Top of Extracted data

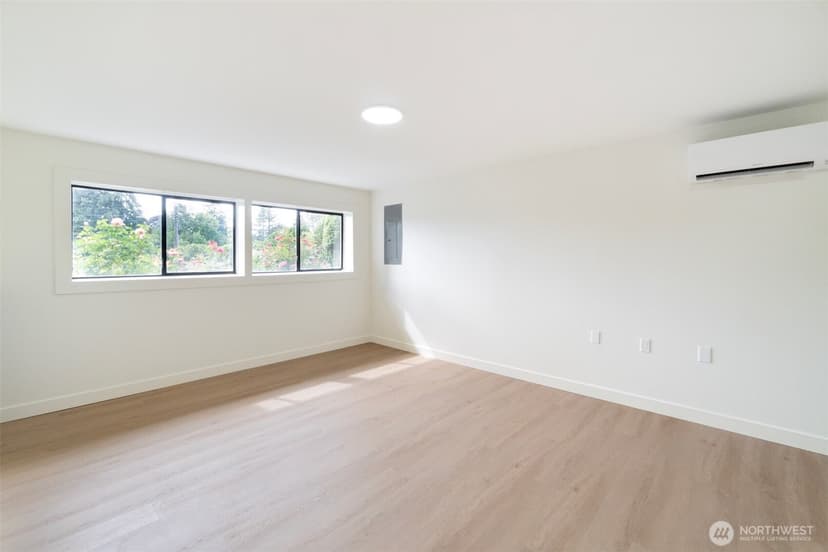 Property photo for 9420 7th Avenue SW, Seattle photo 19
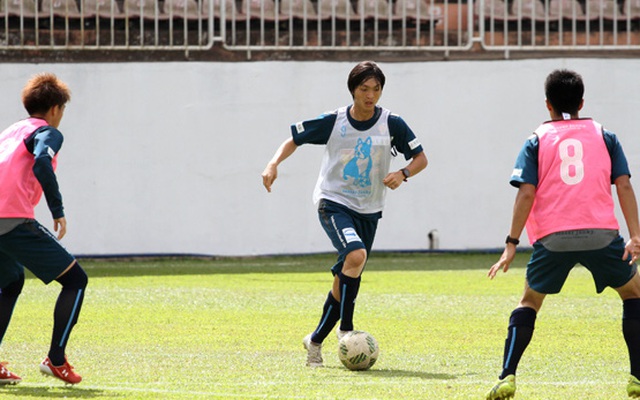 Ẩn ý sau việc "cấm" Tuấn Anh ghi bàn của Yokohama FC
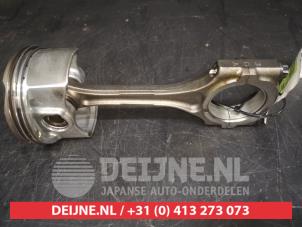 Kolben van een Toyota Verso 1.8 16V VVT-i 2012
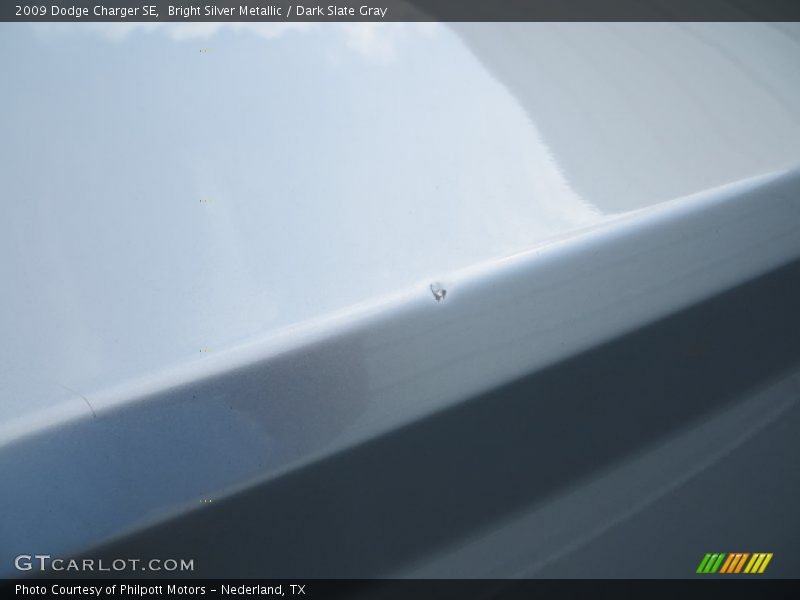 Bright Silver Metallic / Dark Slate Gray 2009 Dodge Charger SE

Bottom of Extracted data
Top of Extracted data

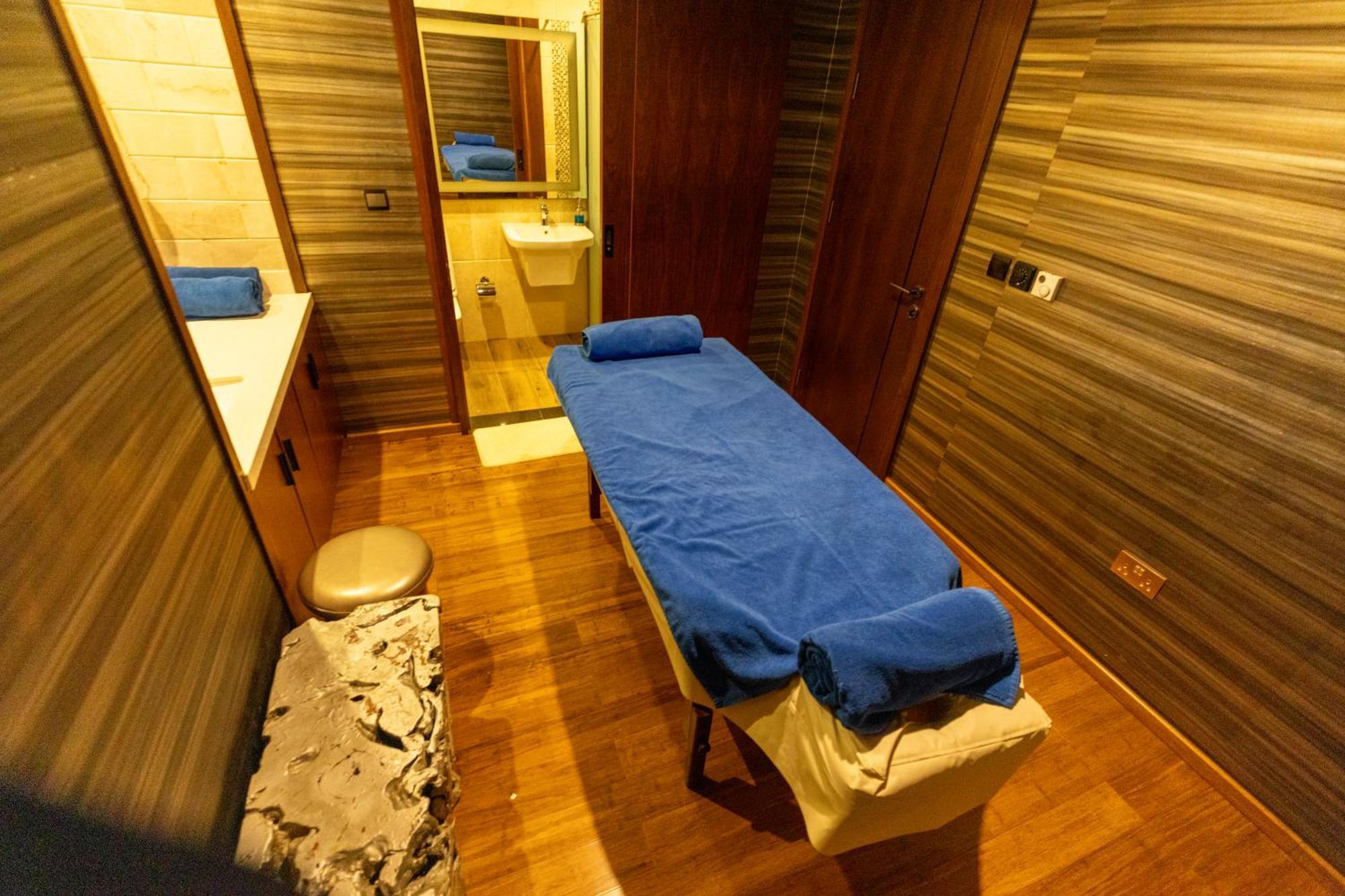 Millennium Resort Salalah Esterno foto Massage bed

Bottom of Extracted data

● About this task: Output should consist of the lines above from the one with "Property photo for" down to the one with "Bright Silver Metallic", exact and without pictures.

● Answer for the task:
 Property photo for 9420 7th Avenue SW, Seattle photo 19
 Ẩn ý sau việc "cấm" Tuấn Anh ghi bàn của Yokohama FC
 Kolben van een Toyota Verso 1.8 16V VVT-i 2012
 Bright Silver Metallic / Dark Slate Gray 2009 Dodge Charger SE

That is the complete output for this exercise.